A meu ver, a misericórdia [de Deus] consiste no amor que opera com a
doçura e a plenitude da graça, numa superabundante compaixão. Ela põe
mãos à obra para nos defender e para que todas as coisas resultem em
nosso bem. Desse modo, por amor, permite que em certa medida vacilemos; e
quanto mais vacilamos, mais caímos, e quanto mais caímos, mais
morremos. [...] Apesar disso, nunca se separa de nós o doce olhar da
piedade e do amor, não cessa nunca a obra da misericórdia.

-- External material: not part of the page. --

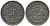 ШВЕЙЦАРИЯ 20 РАППЕНОВ 1859 В KM 7 биллон 100-825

Vi qual é o bem próprio da misericórdia e o da graça: são dois aspectos
de um único amor. A misericórdia é atributo da compaixão, proveniente
duma ternura materna; a graça é atributo da glória, proveniente do
majestoso poder do Senhor no mesmo amor. A misericórdia defende, ampara,
vivifica e cura, e em tudo isso é ternura amorosa; a graça edifica e
recompensa infinitamente mais do que o merece quer a nossa vontade, quer
o nosso trabalho, e assim propaga e manifesta a generosidade que Deus,
nosso Senhor soberano, nos prodigaliza na Sua maravilhosa afabilidade.
Tudo isso provém da abundância do Seu amor, já que a graça transforma a
nossa terrível fraqueza em abundante e infinita consolação, a nossa
vergonhosa queda em sublime e glorioso reerguer-se, a nossa triste morte
em santa e bem-aventurada vida.
Tudo isto vi, por certo: de cada vez que a nossa perversidade neste
mundo nos conduz ao sofrimento, à vergonha e à aflição, no céu, ao
contrário, a graça nos reconforta e nos conduz à glória e à felicidade; e
com tal superabundância que, ao chegarmos ao céu e recebermos a
recompensa que a graça aí preparou para nós, agradeceremos e bendiremos a
Nosso Senhor, ao mesmo tempo que nos alegraremos por termos sofrido
tais adversidades. E esse ditoso amor será de tal ordem, que
conheceremos em Deus certas coisas que nunca teríamos conhecido se não
tivéssemos passado por tais provações.